- Interactive map of the Welling's Stone House area
- Former names: Clifton

General information
- Type: Stone
- Location: 6420 Warm Sunshine Path, Clarksville, Maryland
- Coordinates: 39°11′36″N 76°55′37″W﻿ / ﻿39.193209°N 76.926990°W
- Completed: 1818

Height
- Roof: Shingle

= Clifton (Clarksville, Maryland) =

Historic 1818 building in Howard County, MD, United States

Welling's Stone House or Clifton is a historic stone house situated between Clarksville, Maryland and Fulton, Maryland.

Clifton was built on a tract of 2500 acres of land patented as "White Wine & Claret" in 1702 by John Dorsey. The land was inherited by Dorsey's grandsons, Charles and William Ridgley. The tract was divided into an 820-acre tract for William Ridgley, 930 for Charles Ridgley, and 234 acres to John Ridgley. The house was situated along Guilford road, one of the region's earliest "rolling roads" where tobacco would be transported from slave plantations by rolling hogshead containers to docks at Annapolis.

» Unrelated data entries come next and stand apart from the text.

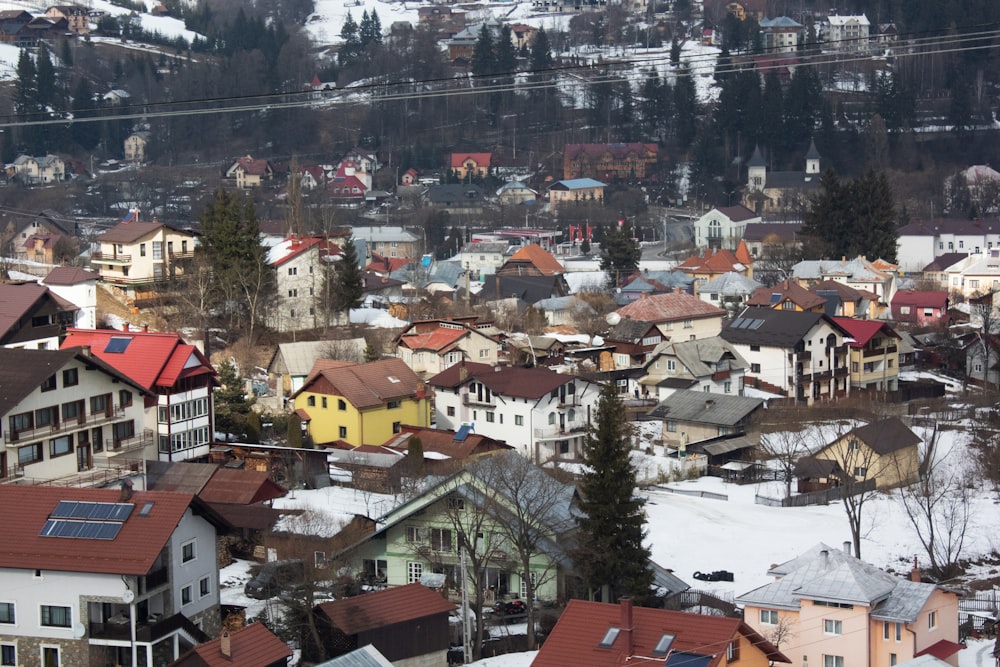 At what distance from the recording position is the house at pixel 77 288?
108 ft

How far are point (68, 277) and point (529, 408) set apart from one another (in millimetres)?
10991

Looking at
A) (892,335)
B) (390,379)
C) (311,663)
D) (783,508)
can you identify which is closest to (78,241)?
(390,379)

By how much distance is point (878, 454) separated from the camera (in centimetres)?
2703

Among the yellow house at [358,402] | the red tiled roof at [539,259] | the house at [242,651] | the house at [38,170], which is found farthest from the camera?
the house at [38,170]

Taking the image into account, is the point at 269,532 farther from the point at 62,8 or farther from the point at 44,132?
the point at 62,8

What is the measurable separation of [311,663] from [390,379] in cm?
1295

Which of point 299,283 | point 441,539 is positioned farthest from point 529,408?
point 299,283

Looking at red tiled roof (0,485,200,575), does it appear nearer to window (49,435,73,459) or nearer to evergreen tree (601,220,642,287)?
window (49,435,73,459)

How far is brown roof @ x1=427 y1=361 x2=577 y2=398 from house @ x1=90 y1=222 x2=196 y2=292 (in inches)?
312

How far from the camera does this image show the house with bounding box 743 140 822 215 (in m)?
72.2

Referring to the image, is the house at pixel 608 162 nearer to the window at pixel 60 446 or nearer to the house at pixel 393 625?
the window at pixel 60 446

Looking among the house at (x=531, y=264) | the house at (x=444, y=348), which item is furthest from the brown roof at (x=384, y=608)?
the house at (x=531, y=264)

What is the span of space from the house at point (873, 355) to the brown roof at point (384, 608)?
67.8 feet

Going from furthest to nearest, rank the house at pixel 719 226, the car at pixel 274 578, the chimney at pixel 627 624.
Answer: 1. the house at pixel 719 226
2. the car at pixel 274 578
3. the chimney at pixel 627 624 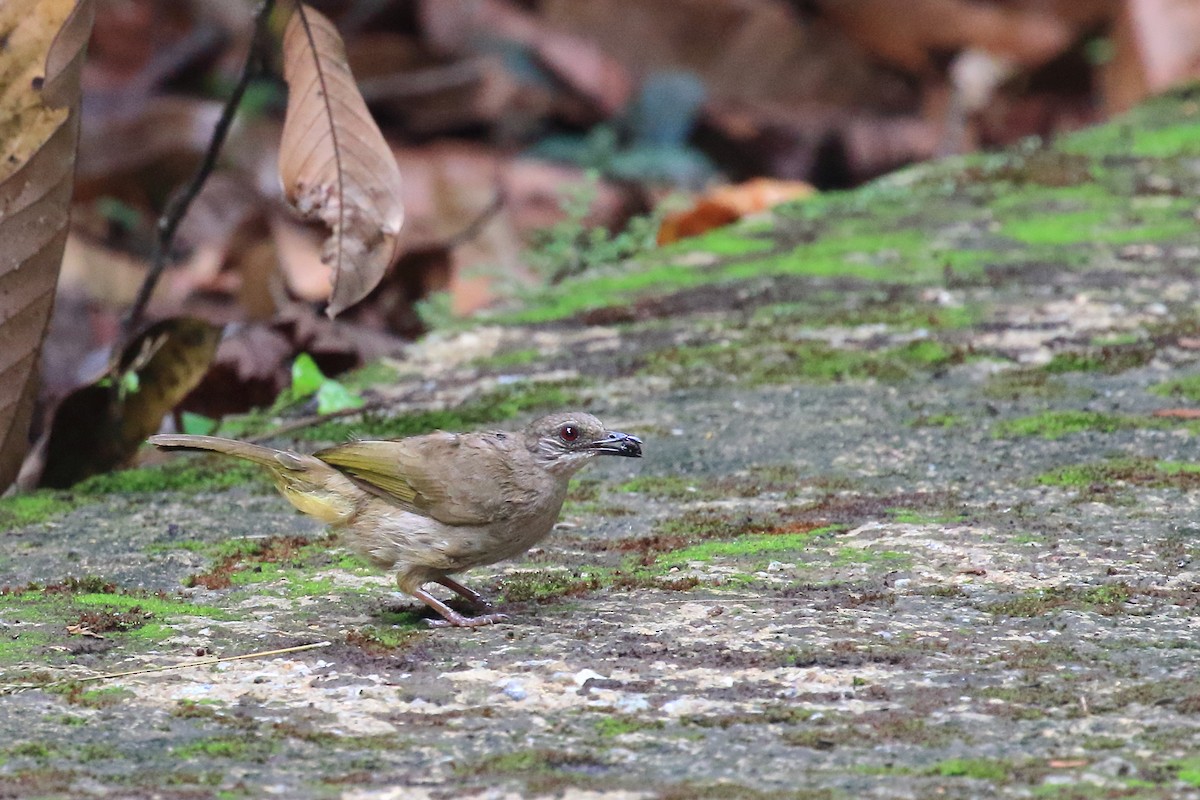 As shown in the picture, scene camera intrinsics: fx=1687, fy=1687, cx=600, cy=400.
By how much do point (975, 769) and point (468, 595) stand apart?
1.44 metres

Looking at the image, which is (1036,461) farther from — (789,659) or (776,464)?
(789,659)

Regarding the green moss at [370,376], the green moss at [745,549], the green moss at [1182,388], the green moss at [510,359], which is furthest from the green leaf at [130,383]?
the green moss at [1182,388]

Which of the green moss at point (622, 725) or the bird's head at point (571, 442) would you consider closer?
the green moss at point (622, 725)

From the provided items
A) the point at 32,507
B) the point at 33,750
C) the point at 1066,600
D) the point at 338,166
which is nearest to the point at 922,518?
the point at 1066,600

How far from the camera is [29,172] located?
430cm

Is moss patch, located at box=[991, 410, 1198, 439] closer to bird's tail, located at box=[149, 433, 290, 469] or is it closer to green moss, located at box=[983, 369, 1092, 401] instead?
green moss, located at box=[983, 369, 1092, 401]

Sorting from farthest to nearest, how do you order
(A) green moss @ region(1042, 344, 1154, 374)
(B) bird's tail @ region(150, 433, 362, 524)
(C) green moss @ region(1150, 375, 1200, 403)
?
(A) green moss @ region(1042, 344, 1154, 374) < (C) green moss @ region(1150, 375, 1200, 403) < (B) bird's tail @ region(150, 433, 362, 524)

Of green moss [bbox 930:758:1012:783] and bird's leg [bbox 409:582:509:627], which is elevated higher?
bird's leg [bbox 409:582:509:627]

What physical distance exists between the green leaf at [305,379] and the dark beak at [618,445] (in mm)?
1708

William Welling built the two and a half stories tall house with stone construction. The property was surrounded by 238 acres of farm fields until it was purchased by the Rouse Company division, Howard Research and Development for subdivision. A portion of the property was used for recreation vehicle parking for the Columbia development for several years. The barns were removed, and the address was changed to a cul-de-sac address on Warm Sunshine Path.

The Welling cemetery has been fenced in with new gravestone markers.